# Decision Trees : Part 2

To understand in a better way what the two formulas described in the previous post mean really let's build a practical use case:  building simple rules to determine whether an account will be recovered.

The table below contains a table of 10 accounts. For example; the first account is Under 30 days DSO having a High Amount due, Credit Score and has been recovered.

In our example, as the root node contains 6 recovered account and 4 not recovered, we need to split on the root node. This process is then repeated to create child nodes with the least impurity.

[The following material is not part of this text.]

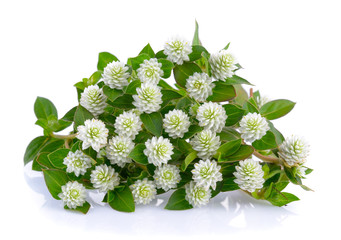 grass flower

If we split the root node based on DSO, we will get the following entropies :

Entropy(Under 30) = −[(4 / 4) * (Log2 (4 /43) + (0/4) * Log2 (0 / 4)] = 0

Entropy(Between 31 and 60) = −[(1 / 4) * Log2 (1 / 4) + (3 / 4) * Log2 (3 / 4)] = 0.811

Entropy(Over 61 days) = −[(1 / 2) * Log2 (1 / 2) + (1 / 2) * Log2 (1 / 2)] = 1

Because the dataset contains four accounts Under 30, four between 31 and 60 days and 2 accounts over 61 days, the impurity of this split is calculated :

Impurity (DSO)  (4 / 10) * 0 + (4 / 10) * (0.811) + (2 / 10) * (1) = 0.52

To build this calculation in Excel we will use :

• SUM to compute the number of accounts for a given attribute value,
• DIV to compute the fraction of observations having each possible attribute value.
• LOG to calculate the impurity by also using IFERROR  to ensure that the undefined value P(0)Log2(0)=0  the undefined value is replaced by 0.
• SUM to compute the entropy for each possible node split
• SUMPRODUCT to calculate the impurity for each split

As shown in the result above the impurity of DSO is the smallest (0.324), among the 3 features. We should then start by splitting over the DSO feature.

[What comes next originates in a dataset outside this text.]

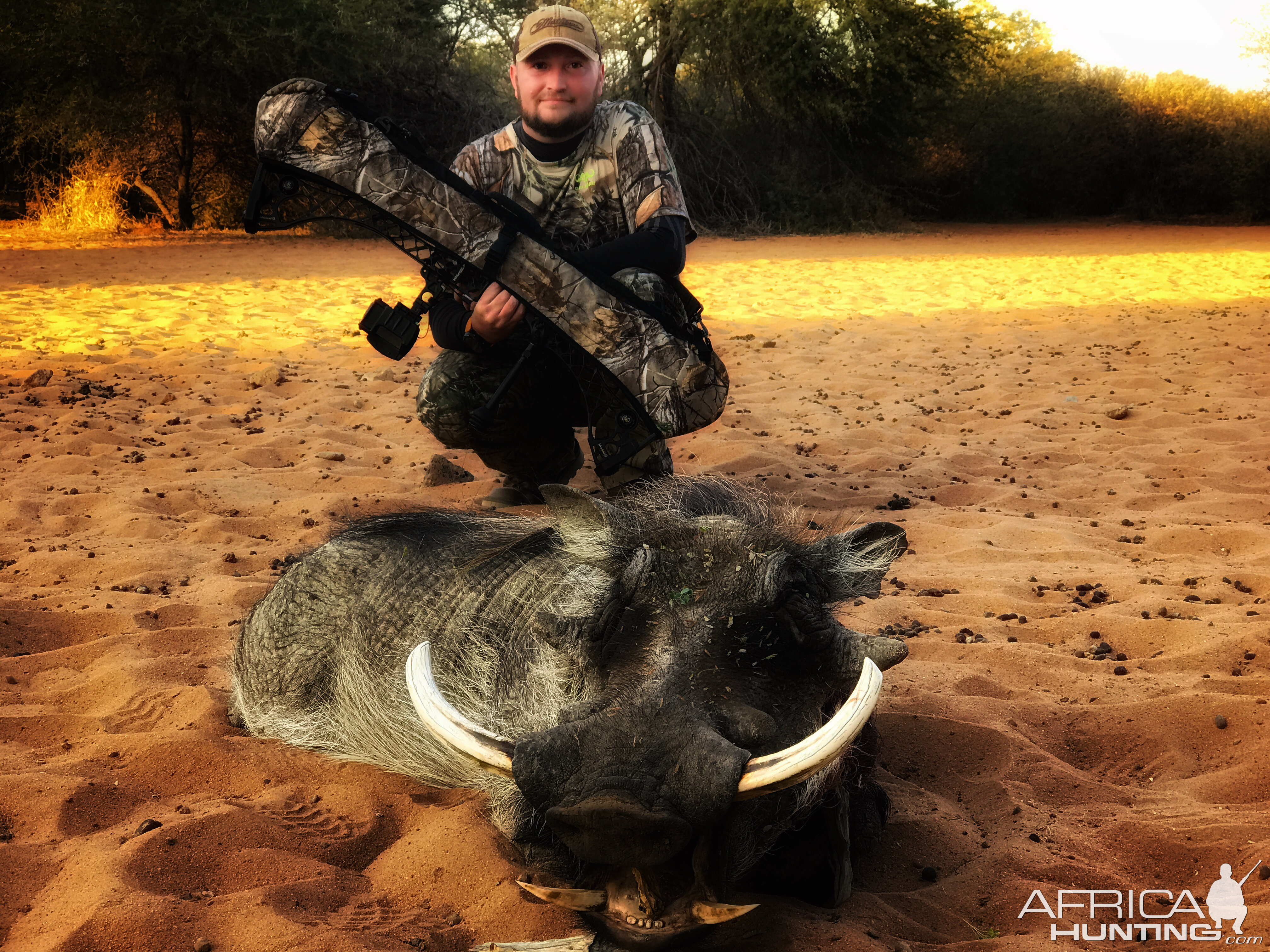 Warthog “Phacochoerus Africanus” Bowhunting South Africa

The process same Process can be repeated on the new subtree. The DSO Under 30 and DSO Over 61 are pure nodes, we don't need to split them.

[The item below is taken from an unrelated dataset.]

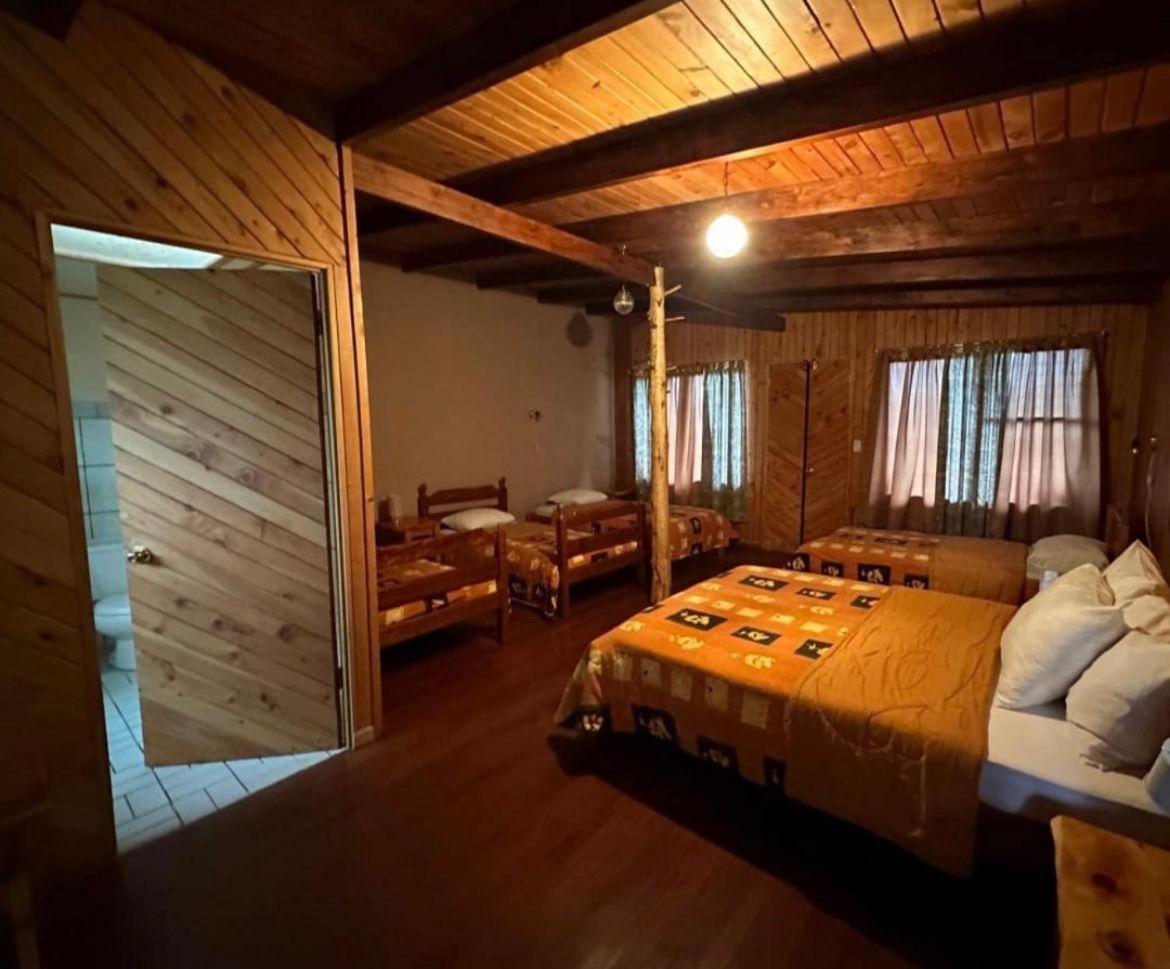 El Toucanet Lodge Copey Kültér fotó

DSO between 31 and 60 is impure. Splitting on DSO gives an impurity of 0.8, whereas Credit Score or Amount due yield impurity of 0. So we can either split over the Credit Score or the Amount due variables.

Finally, we are able to build the following decision tree, holding a simple classification rule of Accounts Receivables.

This simple rule-based classification tree might help Receivables Analysts to prioritize their actions towards receivables that might need more effort to collect.